**RECORDS FOR THIS TASK:**
'''

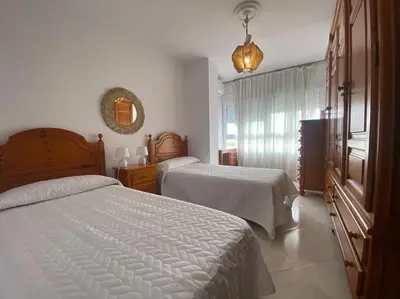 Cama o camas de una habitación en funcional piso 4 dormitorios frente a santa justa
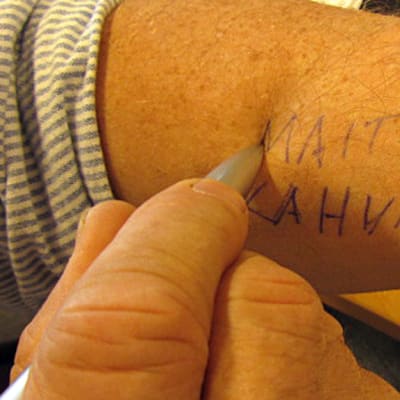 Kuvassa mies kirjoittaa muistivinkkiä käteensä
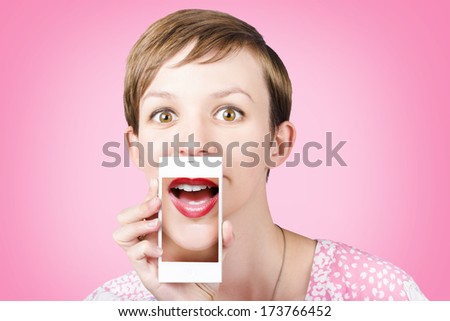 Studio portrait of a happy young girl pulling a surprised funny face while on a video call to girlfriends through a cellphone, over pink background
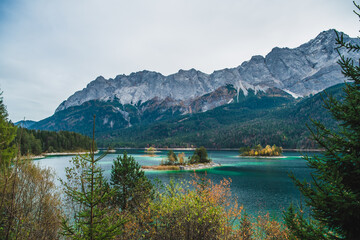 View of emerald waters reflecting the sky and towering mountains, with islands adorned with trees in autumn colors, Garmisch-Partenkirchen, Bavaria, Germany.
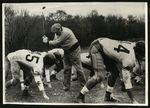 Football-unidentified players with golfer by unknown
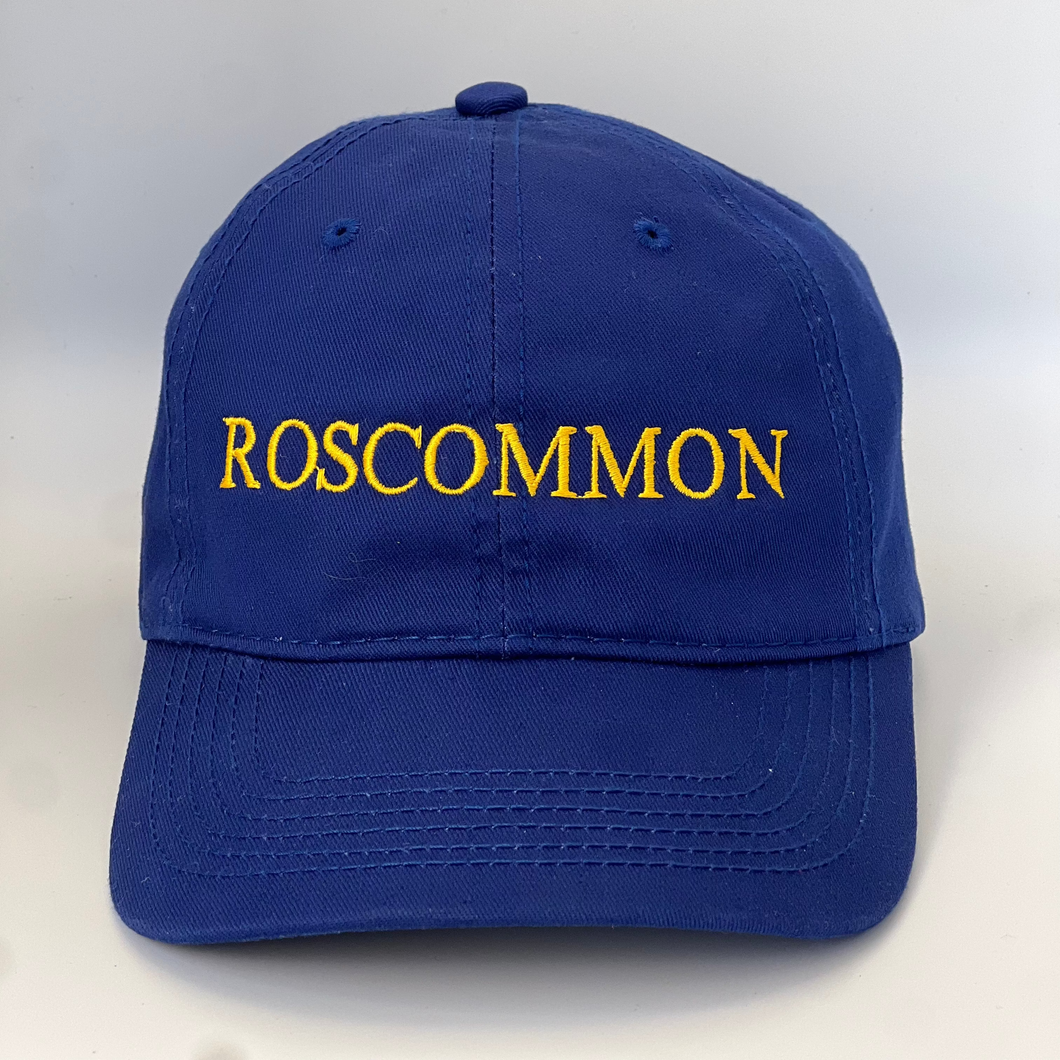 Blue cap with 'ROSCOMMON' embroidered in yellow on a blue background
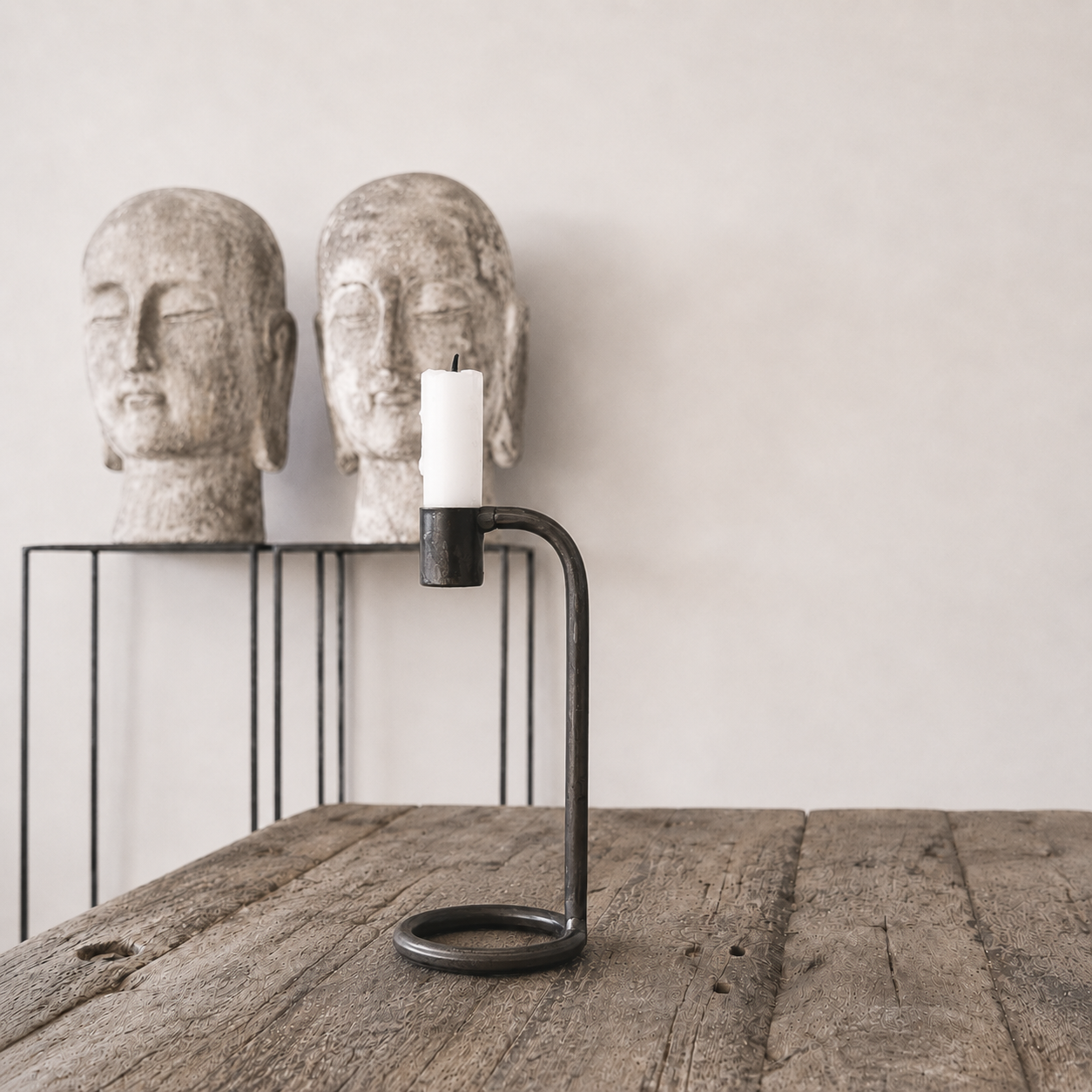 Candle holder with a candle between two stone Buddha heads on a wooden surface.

'''
'''

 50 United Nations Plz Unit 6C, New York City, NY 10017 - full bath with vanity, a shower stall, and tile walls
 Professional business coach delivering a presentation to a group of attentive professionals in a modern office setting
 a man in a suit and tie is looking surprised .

'''

**WORK TO BE COMPLETED:**
Leave out every picture, and copy exactly the lines above starting at the one holding "Cama o camas" and ending at the one holding "Studio portrait of", no more and no less.

**TASK OUTPUT:**
 Cama o camas de una habitación en funcional piso 4 dormitorios frente a santa justa
 Kuvassa mies kirjoittaa muistivinkkiä käteensä
 Studio portrait of a happy young girl pulling a surprised funny face while on a video call to girlfriends through a cellphone, over pink background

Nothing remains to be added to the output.